Confluent Platform 6.1.1 contains security fixes for the following open source packages:
jinja2 - CVE-2020-28493 (CVSS: 5.3).
The vulnerability is addressed in version 2.11.3 of jinja2. Confluent Platform has resolved this CVE in release 6.1.1 by upgrading to version 2.11.3.
urllib3 - CVE-2021-28363 (CVSS: 6.5).
The vulnerability is addressed in version 1.26.4 of urllib3. Confluent Platform has resolved this CVE in release 6.1.1 by upgrading to version 1.26.4.
cryptography - CVE-2020-36242 (CVSS: 9.1).
The vulnerability is addressed in version 3.3.2 of cryptography. Confluent Platform has resolved this CVE in release 6.1.1 by upgrading to version 3.4.6.
org.eclipse.jetty:jetty-server - CVE-2020-27218 (CVSS: 4.8).
The vulnerability is addressed in version 9.4.35 of jetty-server. Confluent Platform has resolved this CVE in release 6.1.1 by upgrading to version 9.4.38.v20210224.
org.eclipse.jetty:jetty-server - CVE-2020-27223 (CVSS: 5.3).

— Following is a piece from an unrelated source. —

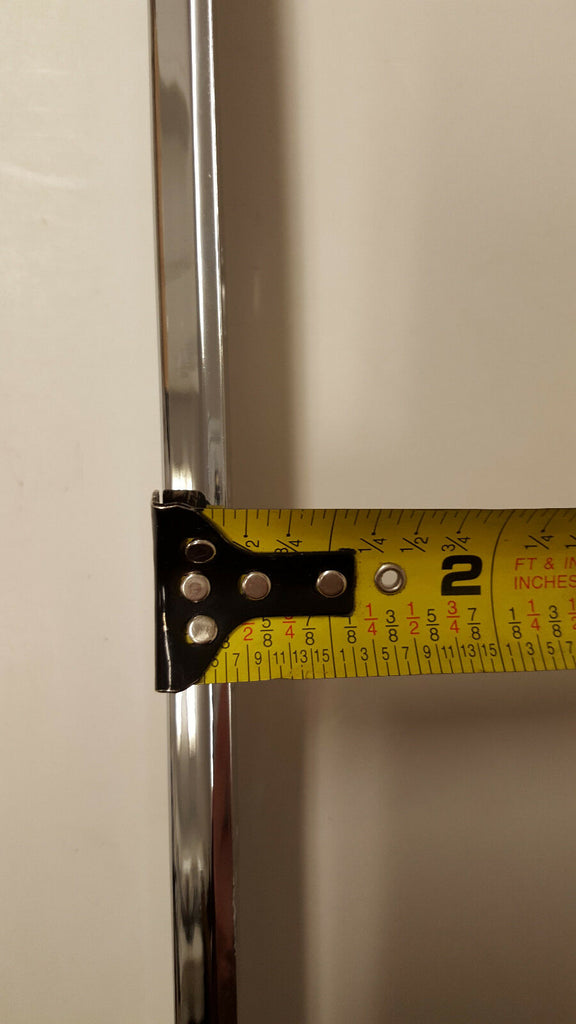 TecNiq 15" Stop Turn Tail Light LED Red Lights With Clear Lens and Chrome Bezel (T10-RC00-1 + T10-0C00-1)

The vulnerability is addressed in version 9.4.36 of jetty-server. Confluent Platform has resolved this CVE in release 6.1.1 by upgrading to version 9.4.38.v20210224.
kotlin-stdlib:kotlin-stdlib - CVE-2020-29582 (CVSS: 5.3).

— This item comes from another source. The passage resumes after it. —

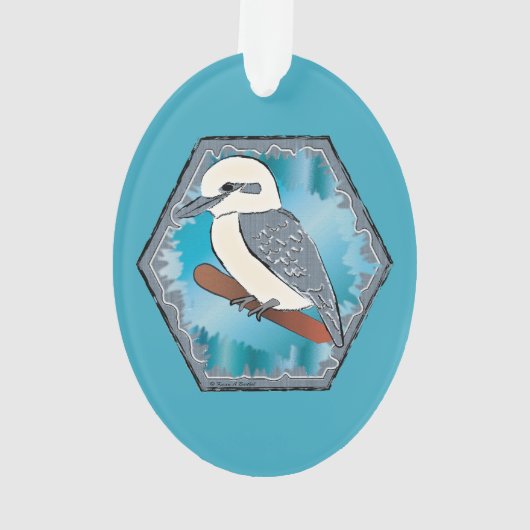 小鹿原鳥 オーナメント (裏面)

The vulnerability is addressed in version 1.4.21 of kotlin-stdlib. Confluent Platform has resolved this CVE in release 6.1.1 by upgrading to version 1.4.21.
org.apache.httpcomponents:httpclient - CVE-2020-13956 (CVSS: 5.3).
The vulnerability is addressed in versions 5.0.3 and 4.5.13 of httpcomponents:httpclient. Confluent Platform has resolved this CVE in release 6.1.1 by upgrading to version 4.5.13.
Confluent Platform 6.1.1 also contains the following security fixes:
- CONFSA-2021-01 (CVSS: 4.9) which is rated as a medium severity issue by Confluent. More information will be provided in an upcoming security advisory once all supported versions have an update available.